O longo edifício rectangular com a respectiva capela está situado no cruzamento entre Nørrebro e Østerbro. Normalmente há muita agitação perto da entrada. Carros e transeuntes, e a poucos passos dali ouvem-se as vozes alegres do parque infantil Fælledpark e dos ringues de patinagem. Mas, no edifício longo com as quatro salas de autópsia esterilizadas e com as câmaras frigoríficas na cave, é impossível não pensar na morte e na volatilidade de tudo. O lugar não parece real. Thulin já esteve várias vezes no Instituto de Medicina Legal, mas sente-se sempre ansiosa por sair por aquela porta deslizante e pelo fim do tempo passado lá em baixo. Acabou de assistir à autópsia de Laura Kjær e tenta apanhar Genz. O voice mail do detective atende uma vez mais e inicia o seu convite automático para que deixe uma mensagem, e Thulin desliga e volta a ligar. Normalmente, ele é muito pontual, e Thulin nunca ouviu falar de uma ocasião em que não tivesse chegado a horas. Na verdade, nunca lhe aconteceu ele não atender o telefone. Genz prometera-lhe cópias preliminares da correspondência de Laura Kjær, bem como de todas as mensagens de texto e informações de números que ligaram até às 15h, mas são quatro e meia, e ainda não teve notícias dele.
A autópsia não produzira novas descobertas. O convidado da Europol, ou lá de onde ele vem, não tinha aparecido conforme combinado, claro, e Thulin não esperara nem um segundo antes de dar ordem ao médico-legista para iniciar a autópsia. Os restos mortais de Laura Kjær estavam deitados na mesa da autópsia, enquanto o médico-legista estudava as notas num ecrã e comentava que haviam estado excepcionalmente ocupados naquele dia devido a vários acidentes de viação, provavelmente causados pelas chuvas intensas. Mas, começando pelo princípio, o conteúdo do estômago revelara um jantar que consistira em sopa grega, salada de brócolos com frango, que podia ter sido acompanhada de um chá, embora esse pudesse ter sido consumido um pouco mais cedo. Thulin pedira, impaciente, ao homem que saltasse para as partes que lhe poderiam servir para alguma coisa. Os médicos-legistas reagiam sempre da mesma maneira a este tipo de pedidos.
— Thulin, é como pedir a Per Kirkeby que explique o seu trabalho — mas ela insistiu, ainda assim.

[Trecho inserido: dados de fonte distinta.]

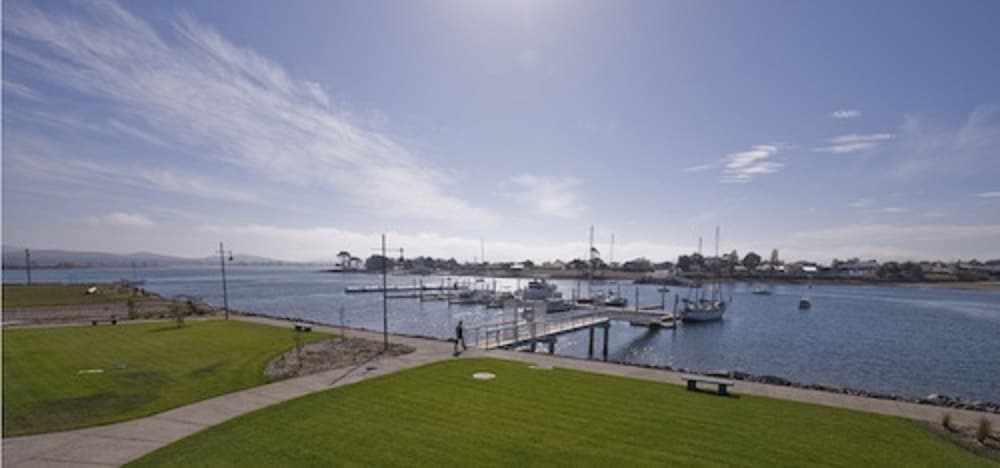 York Cove Hotel 53/59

O dia ainda não lhe dera as respostas que procurava, e, enquanto o médico-legista lia as suas anotações, o som da chuva no telhado fê-la sentir que estava dentro de um caixão.
— Há uma grande quantidade de marcas e golpes, e foi espancada cerca de 50 a 60 vezes com uma barra de aço ou alumínio. Não sei dizer que tipo de arma seria, mas, a julgar pelas marcas, tem uma esfera do tamanho de um punho, e esta está coberta por espigões pequenos e afiados, com cerca de dois a três milímetros.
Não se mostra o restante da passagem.